Charlotte officials say this gift from the Federal Transit Administration is the single largest federal grant the city's ever received: $580 million.
FTA Administrator Peter Rogoff traveled from D.C. to bring news of what city leaders have expected for several months now.
That hasn't always been the case, though.
"This project was on life support back in 2009," says Mayor Anthony Foxx.
Revenues from the city's half-cent sales tax for transit had fallen and Congress ended its habit of allowing cities to secure funding through earmarks. But Charlotte was lucky to have completed most of its planning on the project before hard times hit. The city scaled back a bit, cutting a few planned stops and shaving $200 million off the project to keep its federal grant request on track.
Now the wait is over. Construction on the line should start next fall with light rail up and running by 2017. The route runs through Congressman Mel Watt's district, connecting Uptown to UNC Charlotte.
But Watt says it's not just for university commuters: "Look at the stops in between those two extremes.
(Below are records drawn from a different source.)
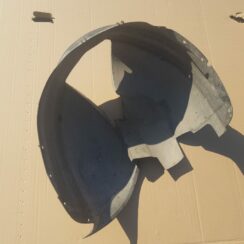 Priekšējais labais paspārns priekš VOLVO V70 2003 GREY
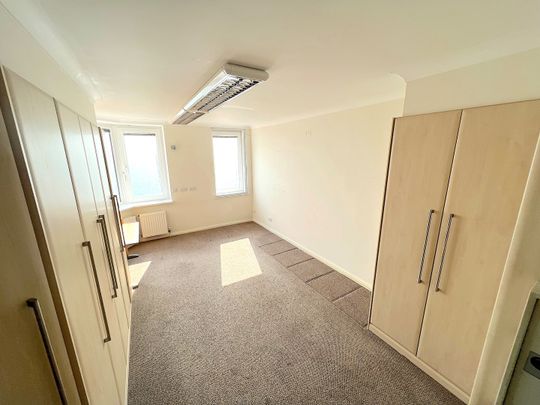 Spa Court, Kings Esplanade, Hove BN3 2WS - Photo 1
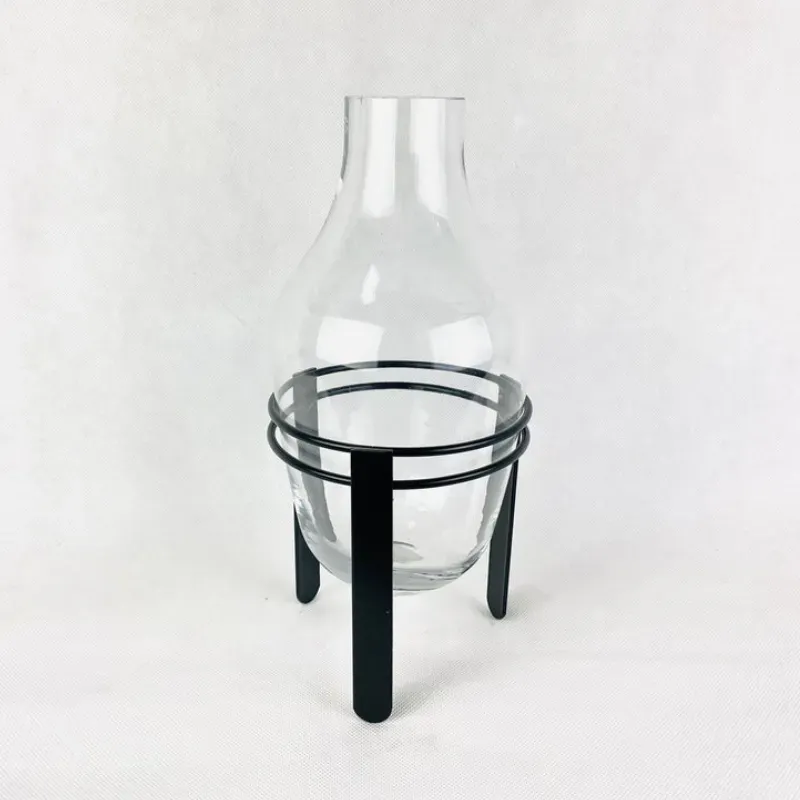 Búcaro con soporte mediano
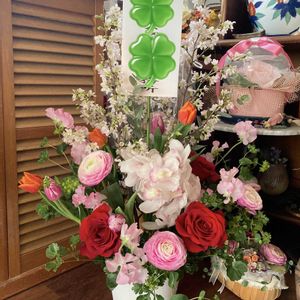 フラワーアレンジ,お祝いのお花✨,花のある暮らし,お祝い花,お祝いの画像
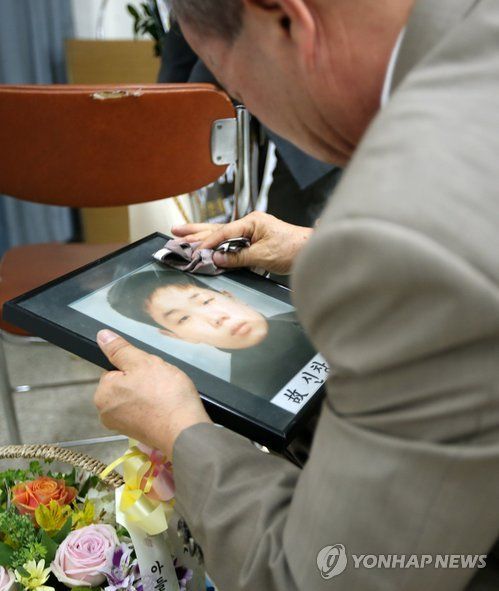 달서구 영남중 선심관 추모공간서 사진 어루만지는 유족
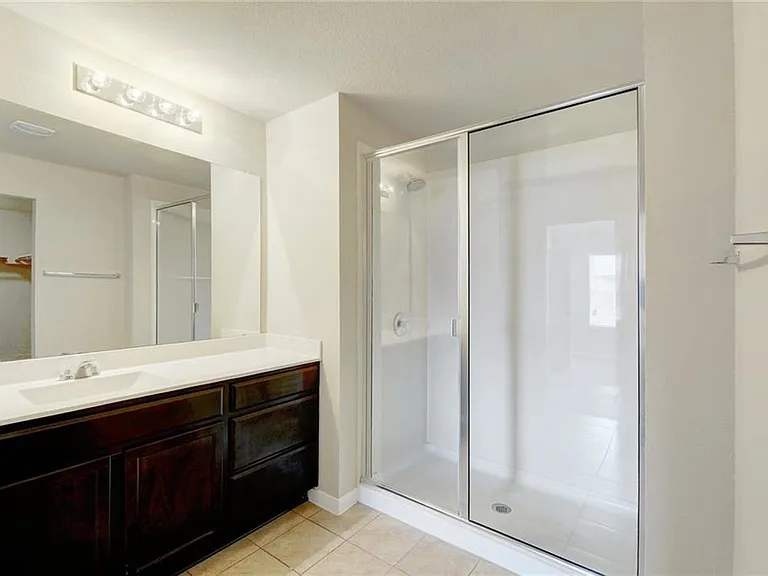 5817 Roderick Dr — Photo 18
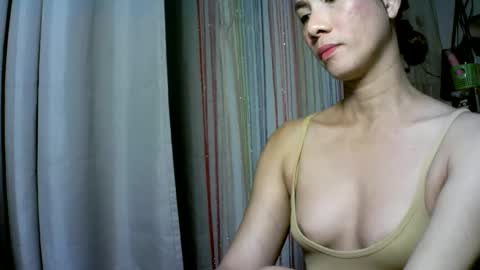 kyutshyne online show from February 22, 2025, 4:09 pm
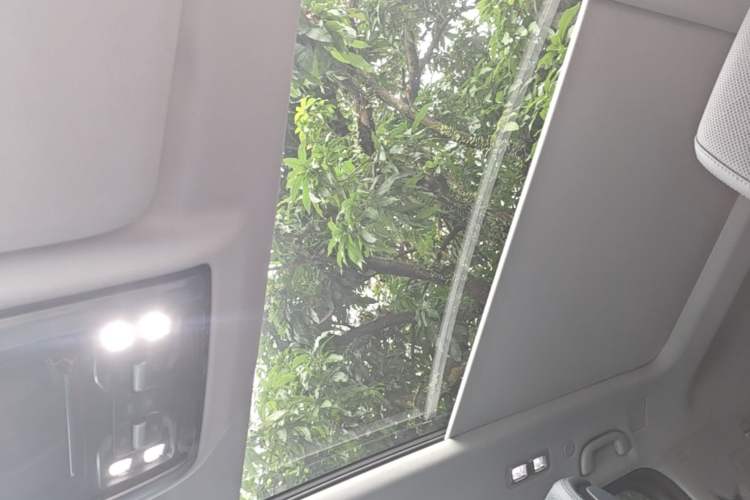 Used Formula Leopard 5 2023 Navigator Edition Headliner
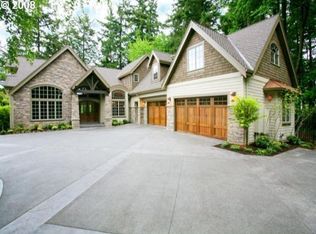 13200 Thoma Rd, Lake Oswego, OR 97034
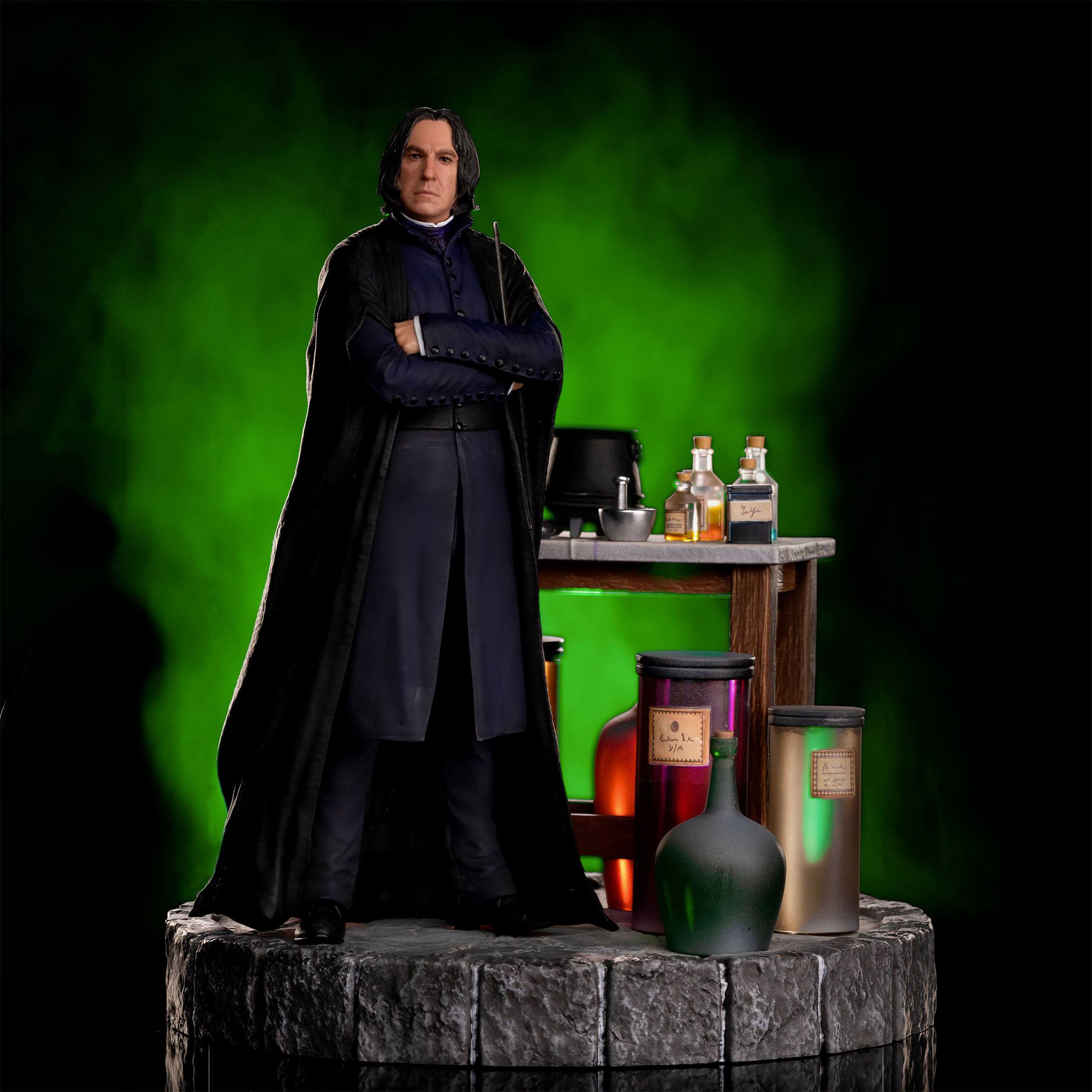 Imagen del producto Harry Potter - Estatua Deluxe a escala de arte de Severus Snape 1:10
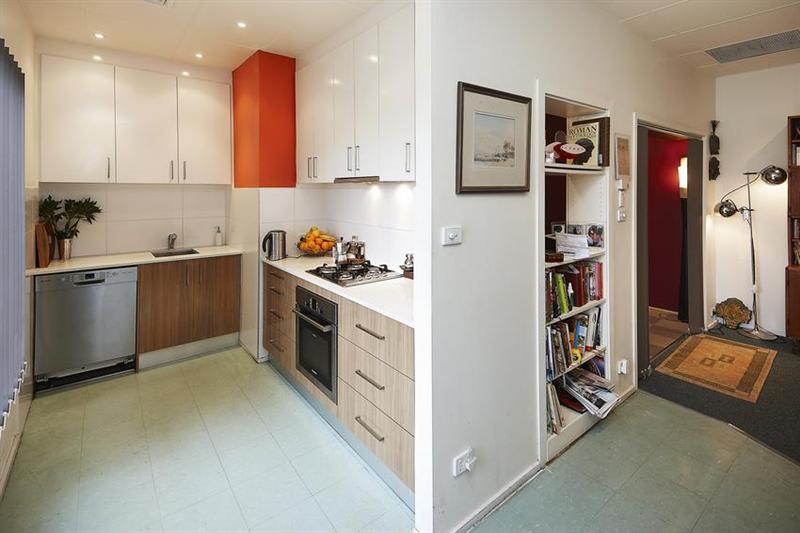 11 ROOSEVELT STREET Coburg VIC 3058 - Image 3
This is the people's light rail. The working people's light rail line into downtown Charlotte and out of downtown Charlotte."
City officials hope light rail will do for the North Tryon corridor what it has done along South Boulevard - spur economic development and neighborhood improvement. Mayor Foxx hopes it will inspire the city council and taxpayers to pony up for more transit - he's intent on connecting east and west Charlotte by streetcar.